This week at the Snapper I wrote a couple of articles for the Opinion section. At the time of my writing this, it is 2:25 in the afternoon. A wave of depression just hit me, and I am close to having a breakdown. Why would I tell all of Millersville this? Because I need to break the stigma against mental illness. Now, I am going to make it a little more uncomfortable for some of you. I am a suicide survivor.
That means that I tried to kill myself and survived.
This is an insanely personal detail about myself that I do not make mention of often, but I wanted to this year during the month that has suicide prevention day. It did not make me angry to see all the social media posts about suicide awareness, but it did not add up to me for some reason. My associate opinion editor, Jessie, is also writing a piece on this and I want to echo what she says in her piece: What about the other 364 days of the year? My attempt was in May and that seems pretty far off from September.
If you are uncomfortable reading this, then my goal has been accomplished.
I want to make it uncomfortable for others who never had to deal with having a mental illness. It makes me angry when I see neurotypical people make light of depression and anxiety. Everyone has those two at some point in their lives and I do not want to diminish that. Everyone deals with their depression differently and I deal with mine entirely differently than others as well. I have been dealing with my issues of being autistic and having a panic disorder and it is hard.
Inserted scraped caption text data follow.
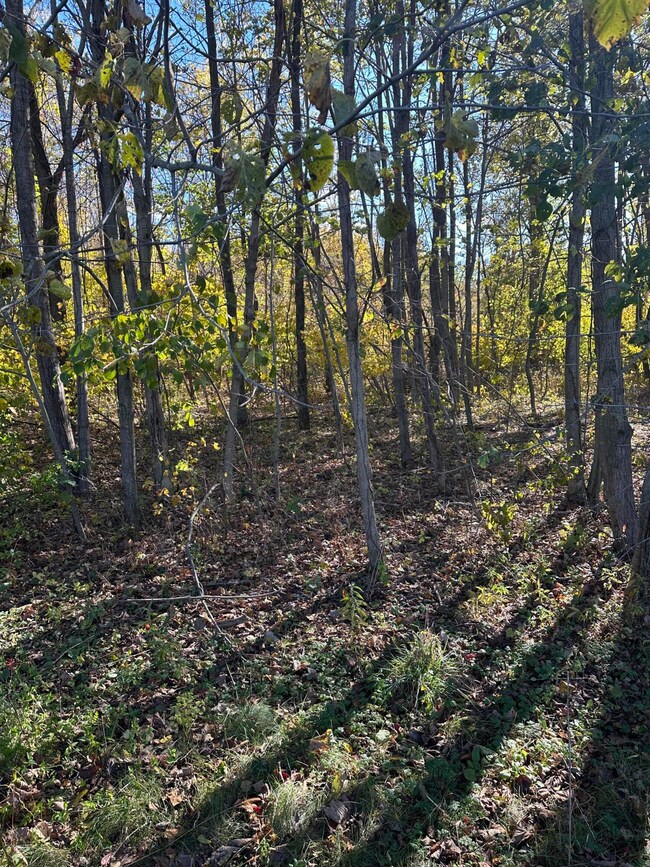 E B Ave Vacant Land (3)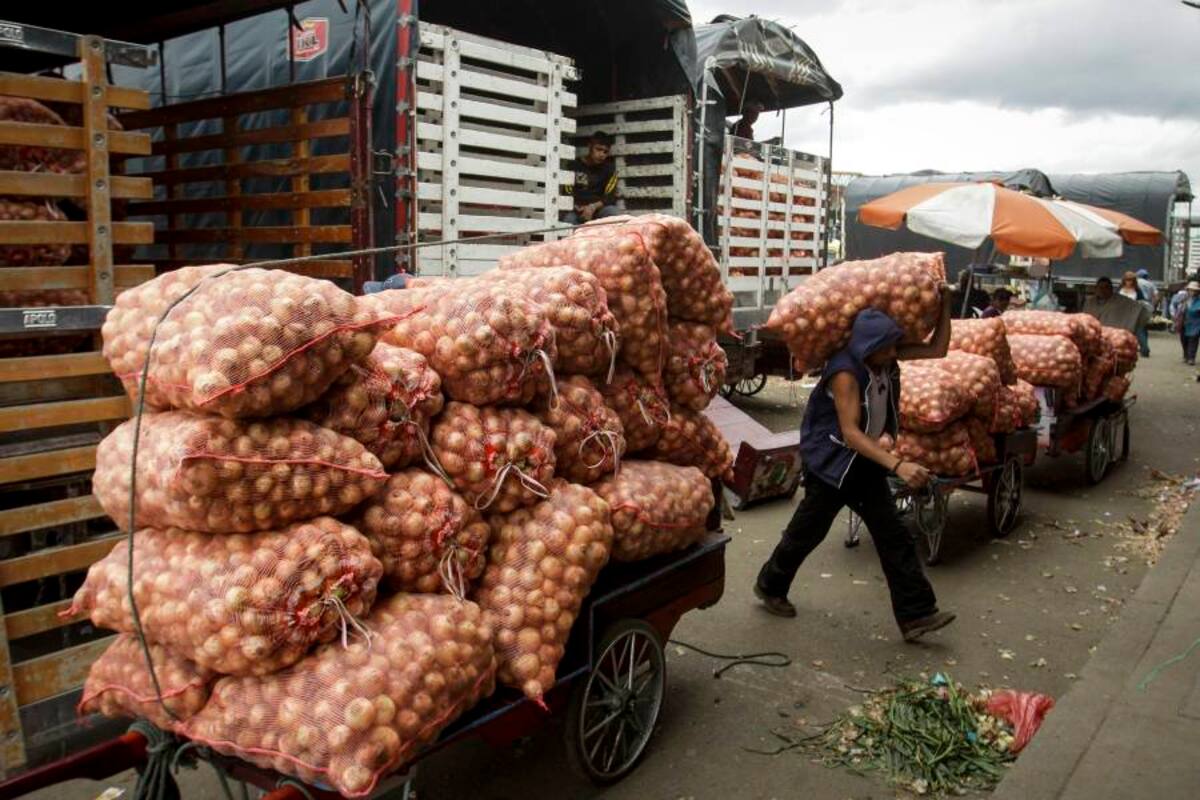 Para la FAO, un alza sostenida en los precios de los mismos se traduce en menos alimentación o en una alimentación menos sana y equilibrada. (Foto: Archivo/VANGUARDIA LIBERAL)
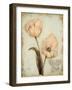 Tulip Recollection-Regina-Andrew Design-Framed Art Print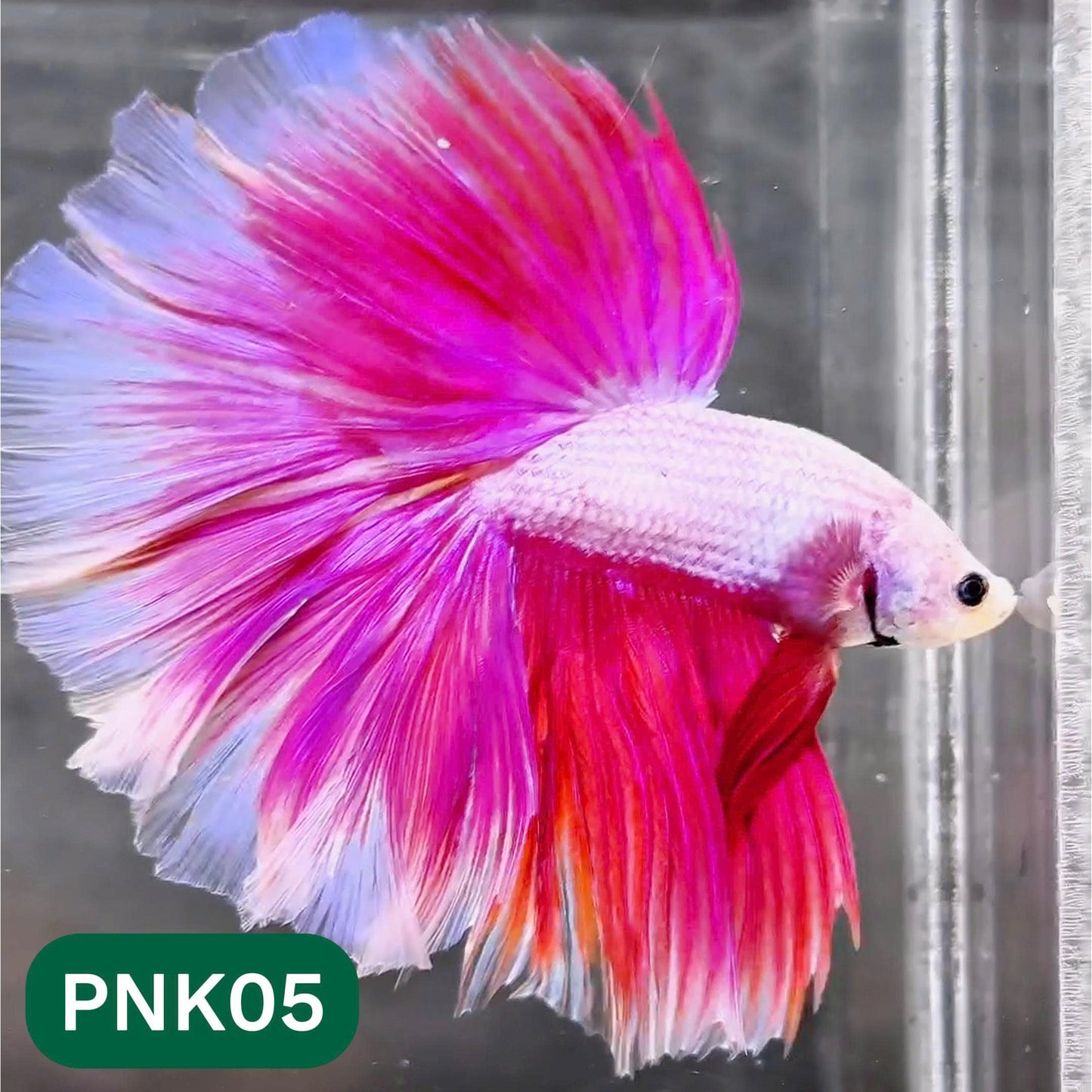 Pink Halfmoon Male Betta Fish | You Pick Fish | Order Directly From Farm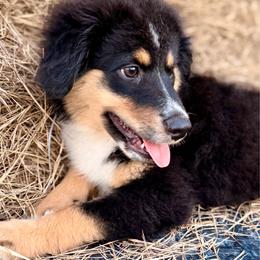 Dark pink - Black tri female Miniature Australian Shepherd puppy in 32046, Florida from River Hill Ranch
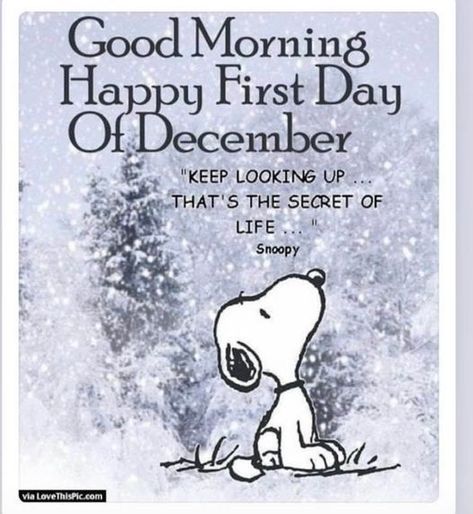 December Quotes Happy, Welcome December Quotes, Happy First Day Of December, Hello December Quotes, Hello February Quotes, First Day Of December, February Quotes, Charlie Brown Quotes, Welcome December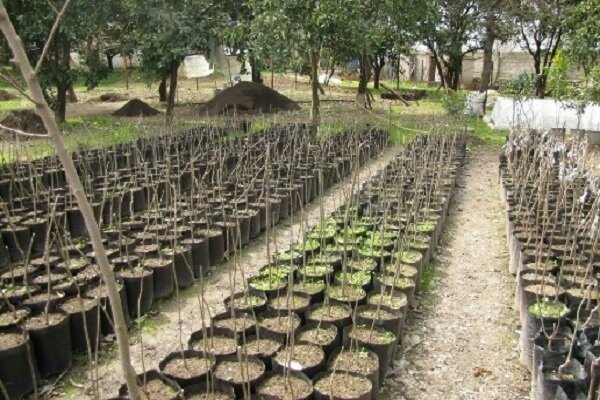 توزیع ۵۵ هزار اصله درخت بین کشاورزان شهرستان تویسرکان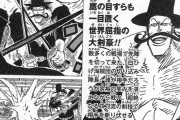 【ワンピース】七武海さん、「ミホーク」と「ハンコック」以外雑魚しかいない・・・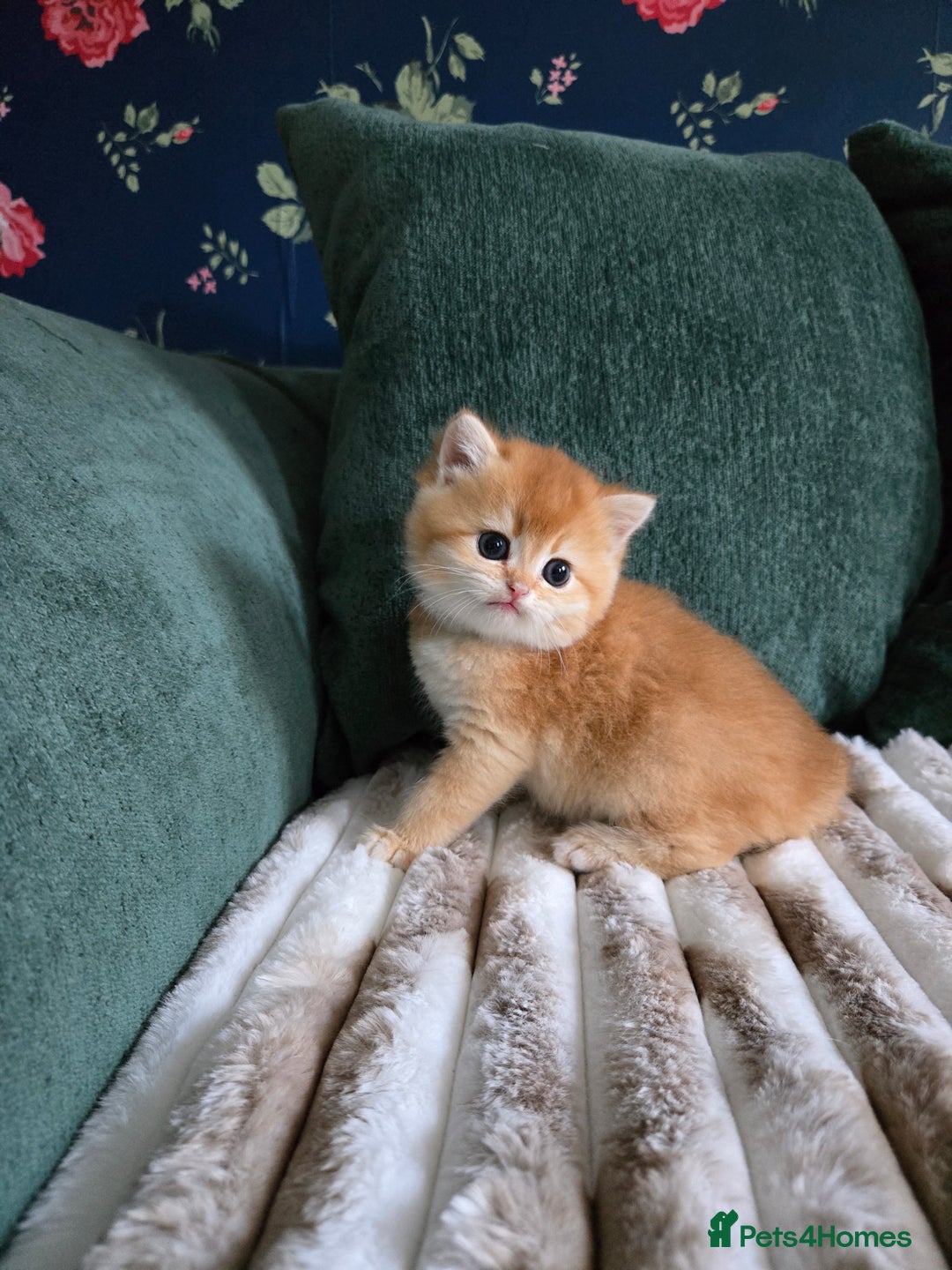 British Shorthair cats for sale: Gorgeous golden fluffs ready in October in Peterborough - Image 6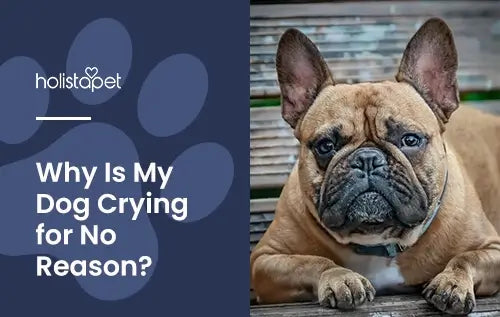 Why is my dog crying for no reason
Back to the wave of depression, those who suffer chronic depression get like this a lot. I take medications and all that, but sometimes depression and anxiety get through and the ability I must deal with that is well developed in every sense of the word. I would prefer not to have anxiety and not to have depression, but there is a chemical imbalance in my brain that says I must. That is part of the reason I take my meds.
I credit my support network for keeping me alive. I went inpatient to a psychiatric ward after the attempt. It was my fourth time in this facility. I went back twice after that for a total of six stays at an inpatient facility. I wanted to cover this issue early in the school year so more could learn about my story.
Suicide is not a joke and it is important to make that distinction now. Suicide destroys families and everyone affected by it suffers. Make sure to let someone know if you’re suffering. It’s profoundly important. Getting help does not make you weak and seeking aid is not a detriment to yourself, it is salvation.
I am a lucky person to be alive today. Please learn from my example, talk to your support team, and establish healthy relationships in college. College is not about the parties or anything that comes with that, but it’s about growth and I know that it’s hard, but suicide is never the answer. Reach out and get help. Your health is more important than anything right now in these first few weeks of college.
Don’t let depression overtake you and do not let it win. If you feel like you cannot deal with your pain, please, call the National Suicide Hotline.